Kur'an-ı Kerim ve Türkçe Meali Sayfa 401
39. Karun’u, firavun’u ve Hâman’ı da! Ant olsun, Musa onlara apaçık delillerle geldi. Ama onlar yeryüzünde büyüklük tasladılar. Ancak geçip gidecek değillerdi!
40. Nihayet her birini günahıyla yakaladık. Kiminin üstüne taş yağdıran bir fırtına gönderdik, kimini de korkunç ses yakaladı. Kimini yere batırdık, kimini de boğduk. Allah onlara zulmedecek değildi; fakat onlar kendi kendilerine zulmediyorlardı.
41. Allah’in dışında, birtakım evliyaya/dostlara/efendilere bağlananların durumu, kendine bir ev edinen örümceğin durumu gibidir! Halbuki evlerin en dayanıksızı/çürüğü, şüphesiz ki, örümceğin evidir! Şayet bilselerdi!
42. Şüphesiz ki Allah, kendisinin dışında, ne gibi şeylere yalvardıklarını bilir. O üstündür, hâkimdir.

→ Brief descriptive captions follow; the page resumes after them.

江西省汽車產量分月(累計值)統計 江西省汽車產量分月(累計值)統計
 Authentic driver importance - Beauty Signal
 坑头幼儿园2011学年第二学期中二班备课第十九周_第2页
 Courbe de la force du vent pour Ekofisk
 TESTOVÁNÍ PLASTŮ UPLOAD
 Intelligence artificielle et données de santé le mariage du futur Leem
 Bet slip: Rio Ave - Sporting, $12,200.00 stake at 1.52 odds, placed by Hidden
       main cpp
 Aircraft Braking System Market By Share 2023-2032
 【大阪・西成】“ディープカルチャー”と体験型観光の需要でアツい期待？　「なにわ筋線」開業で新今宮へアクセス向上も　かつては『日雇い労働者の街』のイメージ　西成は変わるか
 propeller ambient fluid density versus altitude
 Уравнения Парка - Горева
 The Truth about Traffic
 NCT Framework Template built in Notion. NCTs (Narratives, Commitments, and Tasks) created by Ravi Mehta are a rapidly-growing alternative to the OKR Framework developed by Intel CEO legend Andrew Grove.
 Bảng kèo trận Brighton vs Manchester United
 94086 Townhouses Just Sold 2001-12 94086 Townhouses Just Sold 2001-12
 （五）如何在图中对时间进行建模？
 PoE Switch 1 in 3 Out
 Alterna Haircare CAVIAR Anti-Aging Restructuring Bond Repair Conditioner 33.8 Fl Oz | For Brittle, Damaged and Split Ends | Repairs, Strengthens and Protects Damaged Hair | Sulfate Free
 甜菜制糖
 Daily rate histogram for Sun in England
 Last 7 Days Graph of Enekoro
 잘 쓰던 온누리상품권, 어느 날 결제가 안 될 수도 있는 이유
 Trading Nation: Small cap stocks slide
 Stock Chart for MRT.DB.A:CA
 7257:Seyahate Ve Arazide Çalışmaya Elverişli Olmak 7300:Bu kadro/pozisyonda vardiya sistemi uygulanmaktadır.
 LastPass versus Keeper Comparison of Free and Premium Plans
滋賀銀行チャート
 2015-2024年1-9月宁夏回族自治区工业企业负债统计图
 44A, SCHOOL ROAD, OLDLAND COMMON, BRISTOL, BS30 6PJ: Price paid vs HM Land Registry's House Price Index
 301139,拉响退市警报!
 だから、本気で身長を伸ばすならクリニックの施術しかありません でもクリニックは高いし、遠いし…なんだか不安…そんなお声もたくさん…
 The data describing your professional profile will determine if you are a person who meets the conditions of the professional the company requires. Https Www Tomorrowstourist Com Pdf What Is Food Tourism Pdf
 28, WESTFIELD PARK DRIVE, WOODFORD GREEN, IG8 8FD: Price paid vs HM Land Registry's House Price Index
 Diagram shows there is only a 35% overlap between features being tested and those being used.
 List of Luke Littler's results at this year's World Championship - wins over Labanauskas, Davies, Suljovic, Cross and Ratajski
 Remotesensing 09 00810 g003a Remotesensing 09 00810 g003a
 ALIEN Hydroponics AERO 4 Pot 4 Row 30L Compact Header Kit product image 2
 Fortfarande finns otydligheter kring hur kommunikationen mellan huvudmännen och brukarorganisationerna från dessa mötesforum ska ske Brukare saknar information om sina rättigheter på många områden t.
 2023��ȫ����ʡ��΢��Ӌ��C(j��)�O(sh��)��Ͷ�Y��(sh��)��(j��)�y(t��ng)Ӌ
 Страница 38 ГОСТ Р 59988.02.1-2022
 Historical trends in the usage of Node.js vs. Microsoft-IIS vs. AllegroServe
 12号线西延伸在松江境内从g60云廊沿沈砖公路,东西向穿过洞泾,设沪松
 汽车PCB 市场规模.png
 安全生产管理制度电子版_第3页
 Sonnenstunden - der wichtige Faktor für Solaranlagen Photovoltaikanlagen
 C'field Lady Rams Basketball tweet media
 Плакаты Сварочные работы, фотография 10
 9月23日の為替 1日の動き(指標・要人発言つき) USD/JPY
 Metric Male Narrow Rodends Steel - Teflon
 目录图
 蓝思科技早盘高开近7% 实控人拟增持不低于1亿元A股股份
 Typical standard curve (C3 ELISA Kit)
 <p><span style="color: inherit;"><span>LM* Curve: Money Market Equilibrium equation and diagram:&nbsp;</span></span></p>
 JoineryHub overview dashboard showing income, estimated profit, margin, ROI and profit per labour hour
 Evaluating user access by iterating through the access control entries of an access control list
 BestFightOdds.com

43. Işte bu örnekler! Biz onları insanlar için anlatıyoruz. Fakat bilginlerden (gerçek bilim adamlarından) başkası, onları düşünüp akletmiyor!
44. Allah gökleri ve yeryüzünü, gerçek ile/herşeyi yerli yerince düzenleyerek yaratmıştır. Şüphesiz bunda gerçeklere inananlar için bir işâret vardır.
45. Kitap’tan sana vahyedileni oku/düşün! Ve namazı (ayetlerin anlamını düşünerek huşû ile) kıl. Gerçekten (okunan ayetlerin manâsını anlayarak kılınan) namaz utanç verici davranışlardan ve uygunsuz işlerden alıkoyar! Elbette ki; Allah’ı (Kur’an okuyarak) anmak/düşünmek, işte bu, en büyük ibadettir/mutluluktur! Allah durumunuzu çok iyi biliyor.